WHAT NEEDS TO BE DONE - Without the pictures, retype each line below exactly as it stands.

SOURCE INFORMATION -
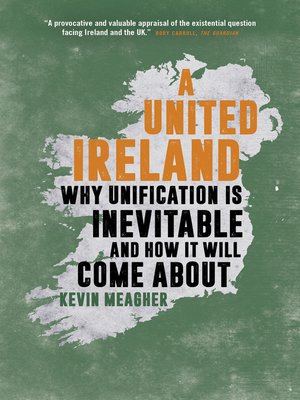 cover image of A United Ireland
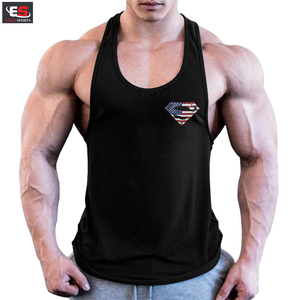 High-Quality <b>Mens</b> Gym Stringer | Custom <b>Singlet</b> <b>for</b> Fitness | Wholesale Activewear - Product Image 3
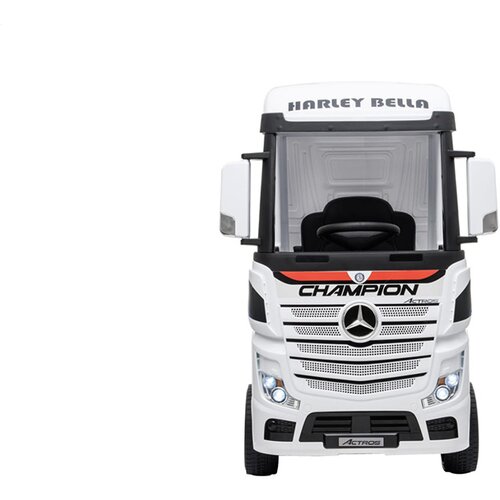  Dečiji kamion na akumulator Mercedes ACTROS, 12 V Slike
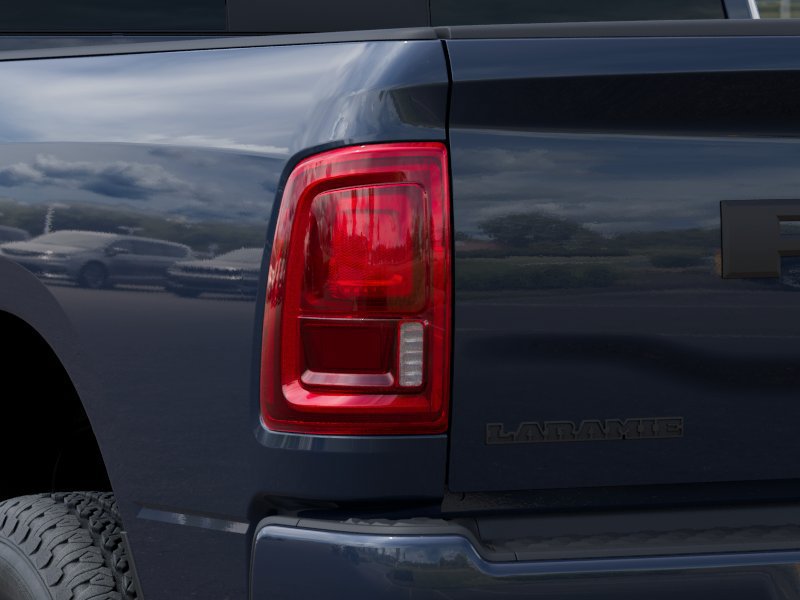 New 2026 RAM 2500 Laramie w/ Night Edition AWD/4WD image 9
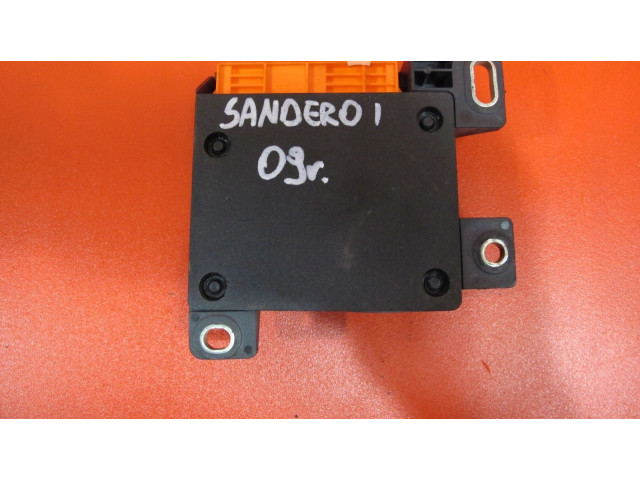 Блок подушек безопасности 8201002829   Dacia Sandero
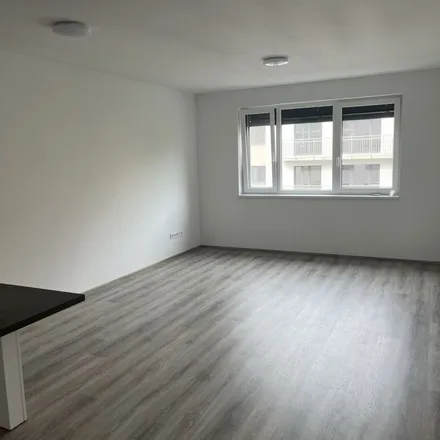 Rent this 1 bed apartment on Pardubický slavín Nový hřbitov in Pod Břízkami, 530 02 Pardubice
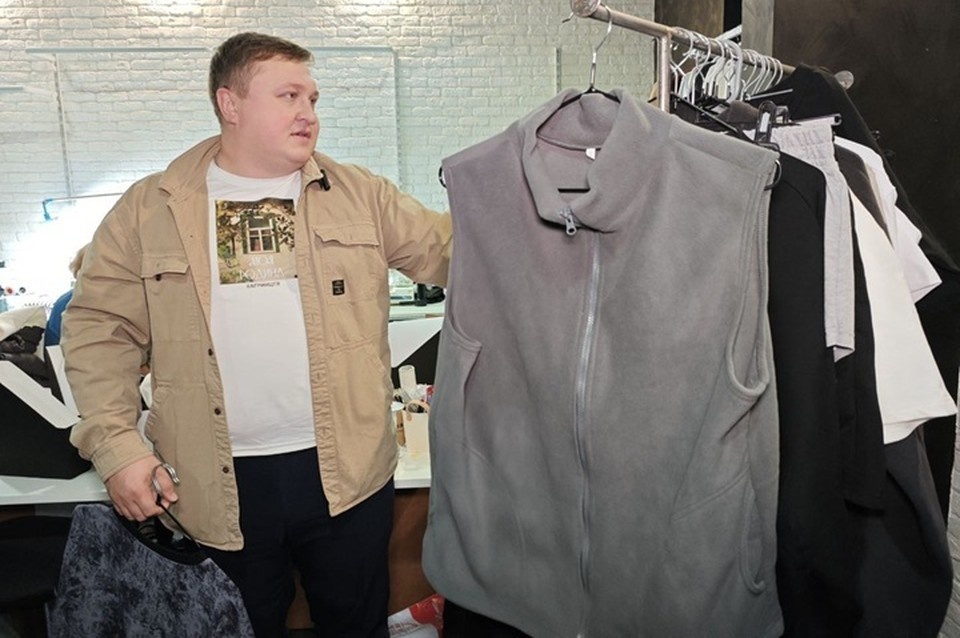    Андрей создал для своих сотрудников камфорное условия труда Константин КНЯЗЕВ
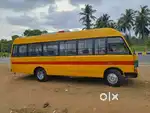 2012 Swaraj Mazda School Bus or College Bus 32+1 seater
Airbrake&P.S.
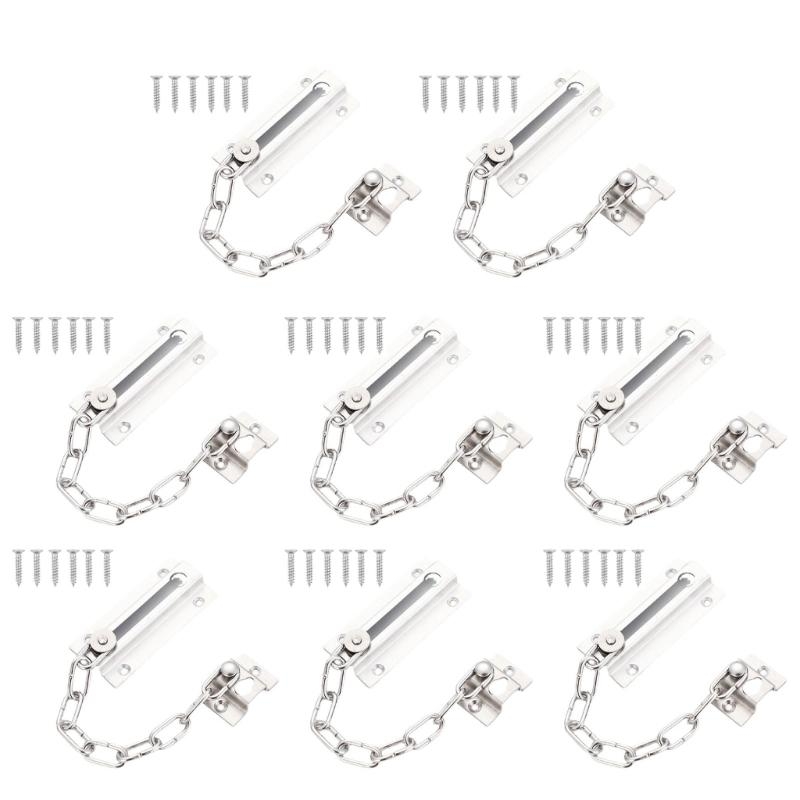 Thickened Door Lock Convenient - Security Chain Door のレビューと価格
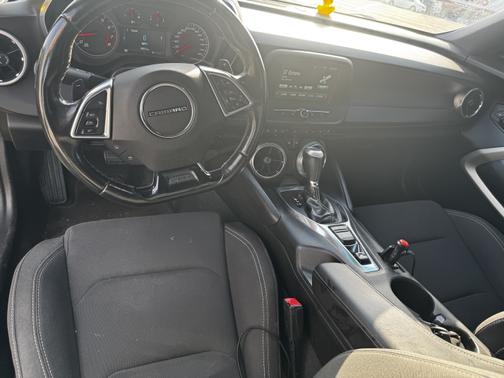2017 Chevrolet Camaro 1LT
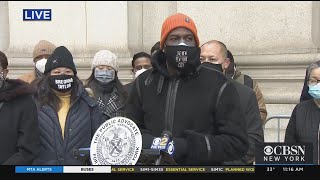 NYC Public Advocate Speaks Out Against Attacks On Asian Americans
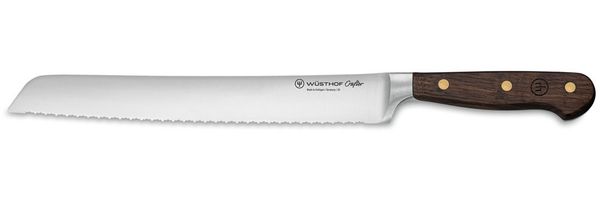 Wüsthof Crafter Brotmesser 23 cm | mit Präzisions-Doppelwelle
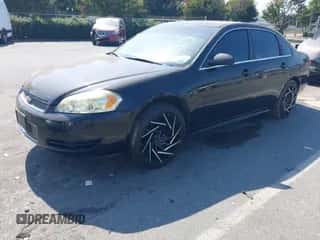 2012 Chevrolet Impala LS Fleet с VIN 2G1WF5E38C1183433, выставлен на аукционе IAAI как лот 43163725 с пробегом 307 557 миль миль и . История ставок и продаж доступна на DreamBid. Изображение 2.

RESPONSE AREA -
 cover image of A United Ireland
 High-Quality <b>Mens</b> Gym Stringer | Custom <b>Singlet</b> <b>for</b> Fitness | Wholesale Activewear - Product Image 3
  Dečiji kamion na akumulator Mercedes ACTROS, 12 V Slike
 New 2026 RAM 2500 Laramie w/ Night Edition AWD/4WD image 9
 Блок подушек безопасности 8201002829   Dacia Sandero
 Rent this 1 bed apartment on Pardubický slavín Nový hřbitov in Pod Břízkami, 530 02 Pardubice
    Андрей создал для своих сотрудников камфорное условия труда Константин КНЯЗЕВ
 2012 Swaraj Mazda School Bus or College Bus 32+1 seater
Airbrake&P.S.
 Thickened Door Lock Convenient - Security Chain Door のレビューと価格
2017 Chevrolet Camaro 1LT
 NYC Public Advocate Speaks Out Against Attacks On Asian Americans
 Wüsthof Crafter Brotmesser 23 cm | mit Präzisions-Doppelwelle
 2012 Chevrolet Impala LS Fleet с VIN 2G1WF5E38C1183433, выставлен на аукционе IAAI как лот 43163725 с пробегом 307 557 миль миль и . История ставок и продаж доступна на DreamBid. Изображение 2.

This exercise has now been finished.